June 18, 2018
After four days of driving our motor home due west on I40, we arrived at Santa Fe Skies RV Park. This is a return visit to this area and our goal was to cover some of the landmarks and interesting hikes we didn’t have time for last year.
I’ll just start by saying that we love Santa Fe, the culture, architecture and the topography. The land, sky and mountains come together here so beautifully. The high altitude plateaus is our cup of tea, it could be 100 degrees during the day (which thankfully so far it hasn’t been) but is cools down to a comfortable 60s in the evening making it very pleasant to sit in our patio area. Last year we stayed in this beautiful campground but didn’t land the “ perfect” campsite. This year we planned ahead and voila! heaven.

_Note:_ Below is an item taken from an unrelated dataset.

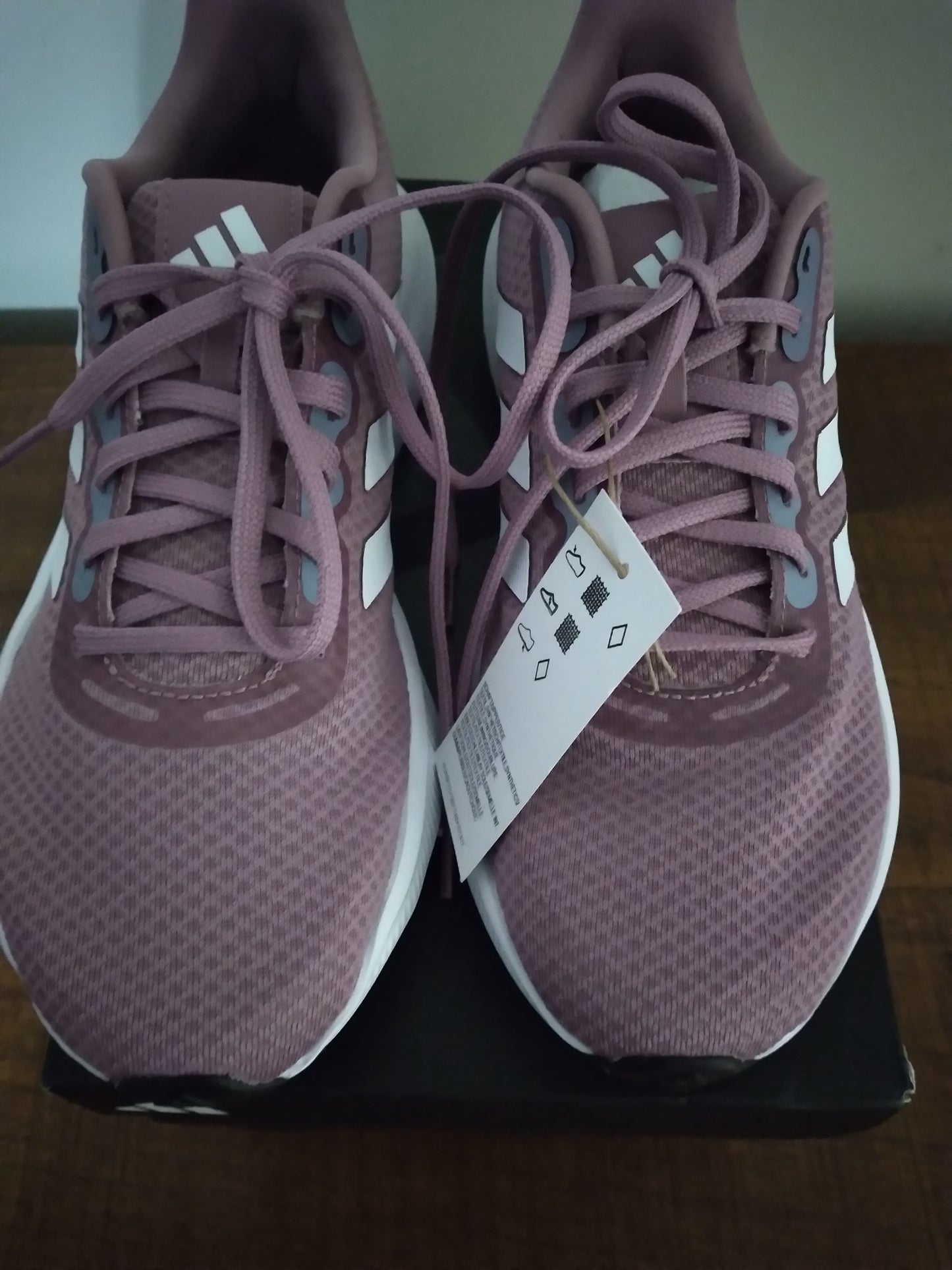 ADIDAS SNEAKERS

Bandelier National Monument is an easy hour drive from Santa Fe and we decided to stop at Los Alamos as a side attraction. This is a place that Leo, an engineer by education has always been curious to see, as it was the US government’s super secret location during World War II where the atom bomb was developed. We were somewhat disappointed as not much history is really preserved and too many pay to enter “museums” seem to pop up everywhere, so after about an hour wondering around, we decided to leave and head for Bandelier National Monument.
We drove to Bandelier from Los Alamos ( in Spanish “The Elms) sort of the back entrance to the park. Normally in order to get into the park you need to shuttle in from the White Rock town visitor center, which is about a 20 minute shuttle ride (cars are not allowed in Bandelier). Our back entrance approach, required us to go through the Los Alamos National Laboratory grounds and a “checkpoint” stop through a heavily guarded entrance where a combat ready guard quizzed us as to “why are you here”. After we proved that we had no nefarious intentions the road took us to the Frey loop parking area of Bandelier where we hopped on a shuttle for a short ride to the park visitor center. The park started this shuttle system in 2011 because they realized that there are not enough parking spaces available at the park entrance. BTW, if you are old biddys like us, you should really consider buying a life time National Parks and Federal Recreational Lands Senior Pass. It is a great investment if you plan to visit national parks and monuments. With the pass we now get in free to all of the US parks (our original investment was $10 but now is cost $80), If you don’t have a pass then this particular park will cost you $25 per car load.
From the visitor center there’s a 2 mile loop road that takes you to the ancestral Pueblo dwellings. There are broad mesas, kiva foundations and access to the dwellings via a system of ladders. Overall it’s a fun easy hike that provides some challenge if you are the adventure seeking type like Leo. There wasn’t a ladder he didn’t climb here!